Moore (Thomas) could never make a speech.
(Dickens and Prince Albert always spoke well and fluently.)
Speed, an inveterate punster, and the clownish servant of Valentine, one of the two “gentlemen of Verona.”--Shakespeare, The Two Gentlemen of Verona (1594).
Speed the Plough, a comedy by Thomas Morton (1798). Farmer Ashfield brings up a boy named Henry, greatly beloved by every one. This Henry is in reality the son of “Morrington,” younger brother of Sir Philip Blandford. The two brothers fixed their love on the same lady, but the younger married her, whereupon Sir Philip stabbed him to the heart, and fully thought him to be dead, but after twenty years, the wounded man reappeared, and claimed his son. Henry marries his cousin, Emma Blandford; and the farmer’s daughter, Susan, marries Robert, only son of Sir Abel Handy.

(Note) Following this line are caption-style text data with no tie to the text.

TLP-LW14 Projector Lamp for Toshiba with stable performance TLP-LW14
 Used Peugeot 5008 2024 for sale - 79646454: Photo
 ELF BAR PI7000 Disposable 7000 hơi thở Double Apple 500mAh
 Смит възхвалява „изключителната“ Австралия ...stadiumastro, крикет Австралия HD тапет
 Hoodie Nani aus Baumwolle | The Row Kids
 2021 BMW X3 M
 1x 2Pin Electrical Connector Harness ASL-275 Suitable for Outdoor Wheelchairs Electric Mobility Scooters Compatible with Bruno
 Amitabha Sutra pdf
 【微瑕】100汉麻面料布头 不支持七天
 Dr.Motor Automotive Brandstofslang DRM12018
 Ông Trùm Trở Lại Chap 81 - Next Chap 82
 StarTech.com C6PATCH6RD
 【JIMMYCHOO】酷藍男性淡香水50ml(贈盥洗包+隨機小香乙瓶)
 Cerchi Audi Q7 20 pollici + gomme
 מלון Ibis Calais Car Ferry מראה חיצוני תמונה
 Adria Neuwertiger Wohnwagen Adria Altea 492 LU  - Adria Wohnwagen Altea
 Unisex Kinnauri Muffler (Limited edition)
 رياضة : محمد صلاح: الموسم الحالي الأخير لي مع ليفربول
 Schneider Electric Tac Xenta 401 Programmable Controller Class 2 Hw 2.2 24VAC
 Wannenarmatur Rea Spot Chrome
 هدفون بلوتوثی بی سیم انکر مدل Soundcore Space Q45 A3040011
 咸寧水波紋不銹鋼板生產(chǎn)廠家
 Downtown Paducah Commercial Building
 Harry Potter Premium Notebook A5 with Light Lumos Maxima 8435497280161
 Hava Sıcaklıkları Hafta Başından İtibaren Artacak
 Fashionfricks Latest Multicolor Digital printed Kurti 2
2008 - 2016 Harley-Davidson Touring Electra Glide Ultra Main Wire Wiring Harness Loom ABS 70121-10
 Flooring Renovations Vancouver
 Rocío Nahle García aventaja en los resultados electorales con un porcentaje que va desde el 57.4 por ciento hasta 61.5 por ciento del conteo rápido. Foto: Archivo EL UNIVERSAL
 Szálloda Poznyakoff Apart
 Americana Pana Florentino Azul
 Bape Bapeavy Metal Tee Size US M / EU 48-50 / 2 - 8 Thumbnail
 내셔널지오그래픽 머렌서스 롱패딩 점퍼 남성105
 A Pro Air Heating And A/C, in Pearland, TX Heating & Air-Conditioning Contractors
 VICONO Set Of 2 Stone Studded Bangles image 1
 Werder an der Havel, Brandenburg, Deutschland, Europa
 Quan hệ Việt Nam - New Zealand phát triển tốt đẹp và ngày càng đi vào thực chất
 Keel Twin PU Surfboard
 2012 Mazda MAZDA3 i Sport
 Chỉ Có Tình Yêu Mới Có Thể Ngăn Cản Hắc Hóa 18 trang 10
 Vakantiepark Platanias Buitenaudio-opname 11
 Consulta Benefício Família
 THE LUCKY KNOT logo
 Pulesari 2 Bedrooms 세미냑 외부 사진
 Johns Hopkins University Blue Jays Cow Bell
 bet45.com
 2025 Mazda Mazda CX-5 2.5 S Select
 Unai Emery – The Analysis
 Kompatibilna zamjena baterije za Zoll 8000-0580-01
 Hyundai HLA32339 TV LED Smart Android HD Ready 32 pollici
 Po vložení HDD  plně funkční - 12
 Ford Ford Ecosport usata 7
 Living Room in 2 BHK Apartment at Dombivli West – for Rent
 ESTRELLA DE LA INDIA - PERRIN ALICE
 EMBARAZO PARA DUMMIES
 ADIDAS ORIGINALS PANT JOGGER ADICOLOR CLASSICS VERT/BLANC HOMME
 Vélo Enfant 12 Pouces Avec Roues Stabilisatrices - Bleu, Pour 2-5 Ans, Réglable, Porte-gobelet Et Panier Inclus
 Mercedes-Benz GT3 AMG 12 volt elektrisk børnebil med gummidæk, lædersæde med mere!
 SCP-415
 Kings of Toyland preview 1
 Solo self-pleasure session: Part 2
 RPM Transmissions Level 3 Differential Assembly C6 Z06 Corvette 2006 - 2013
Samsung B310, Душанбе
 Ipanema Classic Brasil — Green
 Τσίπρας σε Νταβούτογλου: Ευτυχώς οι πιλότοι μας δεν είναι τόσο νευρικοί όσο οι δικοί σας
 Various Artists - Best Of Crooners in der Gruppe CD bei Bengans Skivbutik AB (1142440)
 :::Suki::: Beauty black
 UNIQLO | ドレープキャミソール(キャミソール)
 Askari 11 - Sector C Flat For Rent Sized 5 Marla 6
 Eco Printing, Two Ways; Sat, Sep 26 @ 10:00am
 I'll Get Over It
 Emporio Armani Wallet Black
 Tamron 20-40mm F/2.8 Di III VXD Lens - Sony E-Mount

Spenlow (Mr.), father of Dora (q.v.). He was a proctor, to whom David Copperfield was articled. Mr. Spenlow was killed in a carriage accident.
Misses Lavinia and Clarissa Spenlow, two spinster aunts of Dora Spenlow, with whom she lived at the death of her father.
They were not unlike birds altogether, having a sharp, brisk, sudden manner, and a little, short, spruce way of adjusting themselves, like canaries.--C. Dickens, David Copperfield, xli. (1849).
Spens (Sir Patrick), a Scotch hero, sent, in the winter-time, on a mission to Norway. His ship, in its home passage, was wrecked off the coast of Aberdeen, and every one on board was lost. The incident has furnished the subject of a spirited Scotch ballad by Lady Lindsay.
Spenser. The Spenser of English Prose Writers, Jeremy Taylor (1613-1667).
Spenser. From Spenser to Flecknoe, that is, from the top to the bottom of all poetry; from the sublime to the ridiculous.--Dryden, Comment on Spenser, etc.